The novel shows a conflict between different belief systems, specifically Christianity and paganism.  Folkloric beliefs are not shown in a positive light but organized religion is also shown as flawed.  Father Healy, the local priest, lacks compassion.  He seems to have no understanding of the daily struggles and needs of ordinary people.  He is described as “slack-jawed and slumped with the spine of a scholar” and when Nóra asks him for help with her grandson, he doesn’t even agree to pray for him and tells her callously, “’I think perhaps that it is your duty to care for this child and do the best you can.’”  (Even a doctor offers no aid:  “’The boy is a cretin.  There is nothing I can do.’”)

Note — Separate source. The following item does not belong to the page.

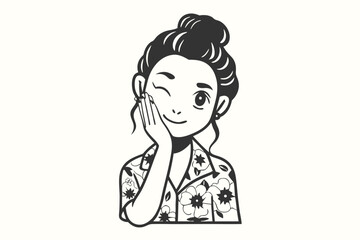 Smiling brunette girl with floral shirt is winking while resting her face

I found the book emotionally draining.  I felt sympathy for each of the women though at times I was also very angry at them.  The actions of the priest and the gossips in the village are upsetting.  It was disturbing to read how certain beliefs focus on assigning shame and blame.  I was also left feeling immensely grateful for not living in such abject poverty and for not being as powerless as these women.  I think the novel will haunt me for a while.

Though the book is not an easy read, I highly recommend it.  It will not leave a reader untouched.